Assigned task:
Copying task for the records below: reproduce each one exactly and drop the pictures.

☆ ☆ ☆

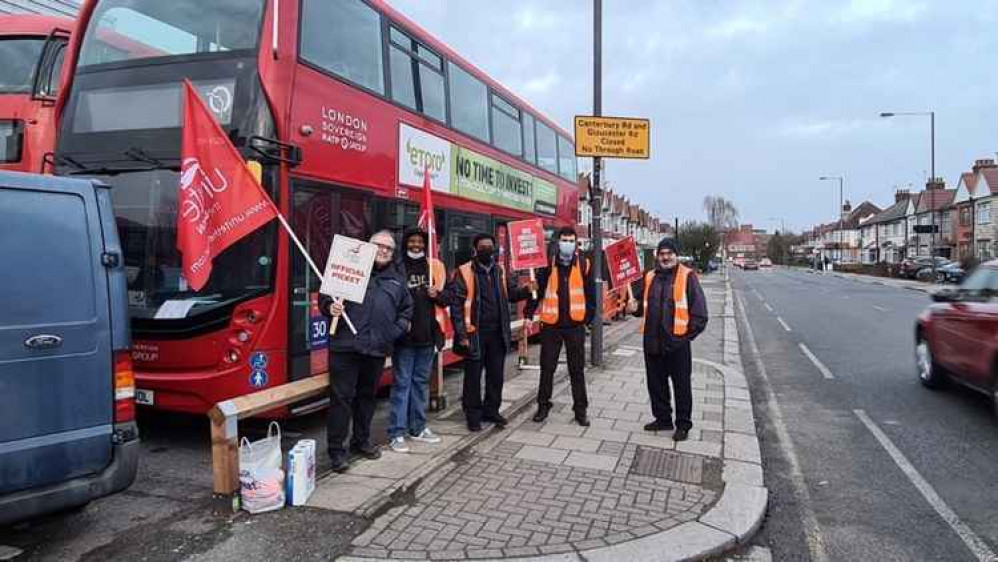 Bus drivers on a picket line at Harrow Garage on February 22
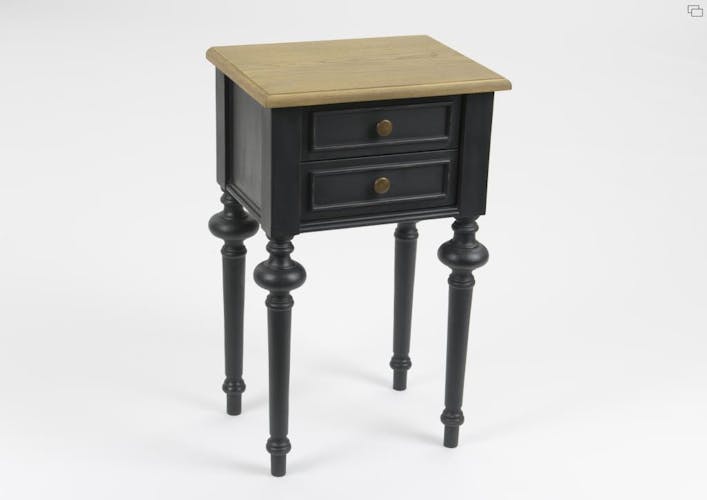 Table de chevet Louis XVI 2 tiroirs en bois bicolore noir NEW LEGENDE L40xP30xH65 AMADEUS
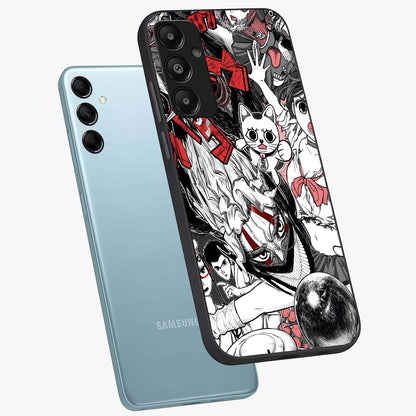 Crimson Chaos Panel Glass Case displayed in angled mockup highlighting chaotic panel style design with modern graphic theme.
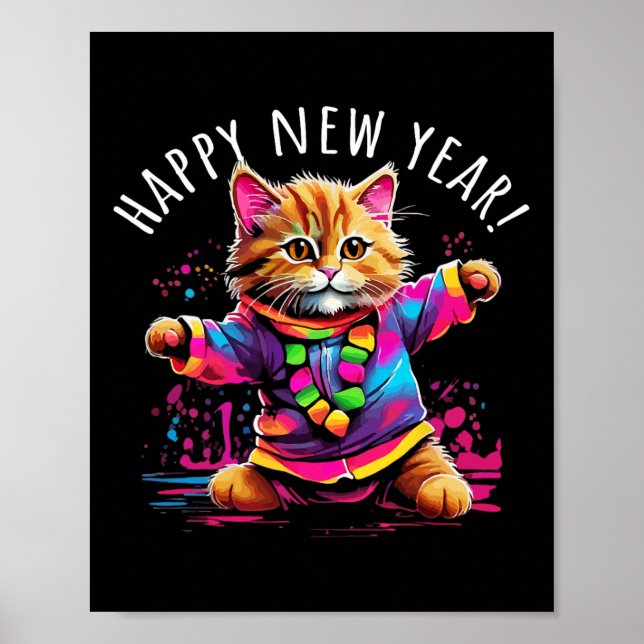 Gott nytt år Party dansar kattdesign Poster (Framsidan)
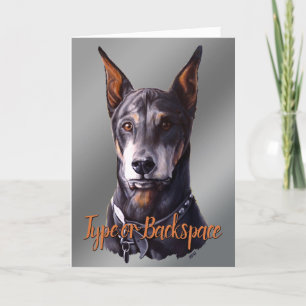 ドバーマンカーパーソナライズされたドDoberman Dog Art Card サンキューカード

☆ ☆ ☆

Result for this exercise:
 Bus drivers on a picket line at Harrow Garage on February 22
 Table de chevet Louis XVI 2 tiroirs en bois bicolore noir NEW LEGENDE L40xP30xH65 AMADEUS
 Crimson Chaos Panel Glass Case displayed in angled mockup highlighting chaotic panel style design with modern graphic theme.
 Gott nytt år Party dansar kattdesign Poster (Framsidan)
 ドバーマンカーパーソナライズされたドDoberman Dog Art Card サンキューカード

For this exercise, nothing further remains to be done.